Setelah EQ ditemukan oleh Goleman,
kurikulum serta-merta harus dan mutlak memperhatikan faktor-faktor
non-kognitif, seperti kecerdasan sosial, kecerdasan spiritual, pengendalian
emosi, dan memahami emosi orang lain. Bahkan, Goleman mengklaim IQ hanya
berkontribusi 20 persen terhadap kesuksesan peserta didik setelah mereka
hidup dalam masyarakat nantinya. Ternyata 80 persen justru ditentukan oleh
faktor lain di luar IQ, di mana EQ masuk di dalamnya secara signifikan.

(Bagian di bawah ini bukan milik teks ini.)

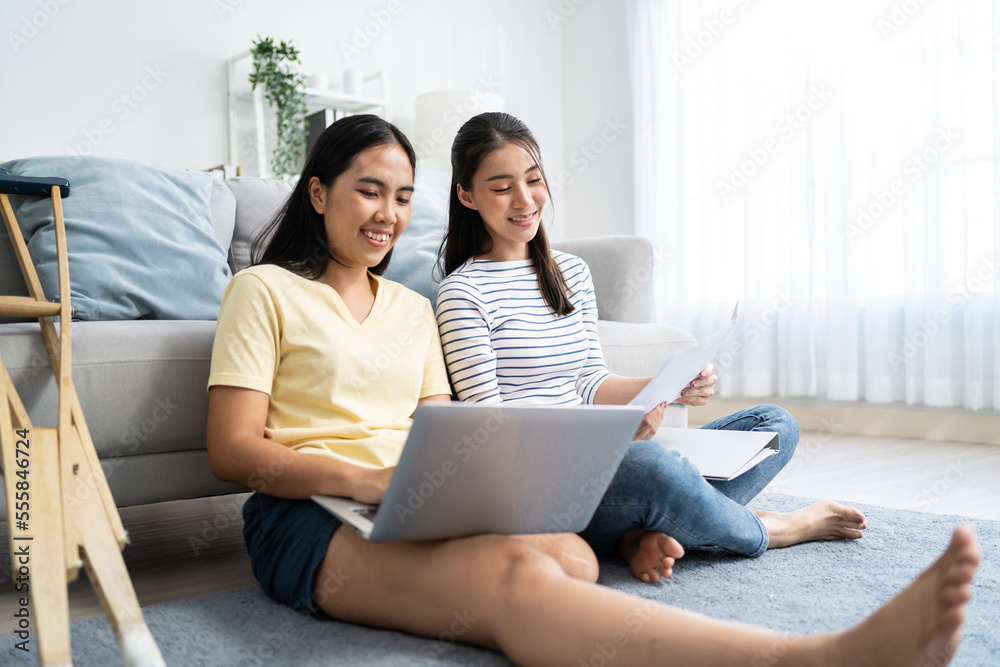 Asian woman amputee using laptop computer with friend in living room. Attractive young legless girl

Oleh karena itu, jika suatu bangsa
ingin membuat kurikulum yang bisa mengantarkan para peserta didik jadi
orang sukses, kurikulum itu juga harus memberikan menu belajar yang
mencakup aspek lain selain kecerdasan, seperti sikap, perilaku,
kepribadian, keberagamaan, budi pekerti, dan kecerdasan otot (muscle memory).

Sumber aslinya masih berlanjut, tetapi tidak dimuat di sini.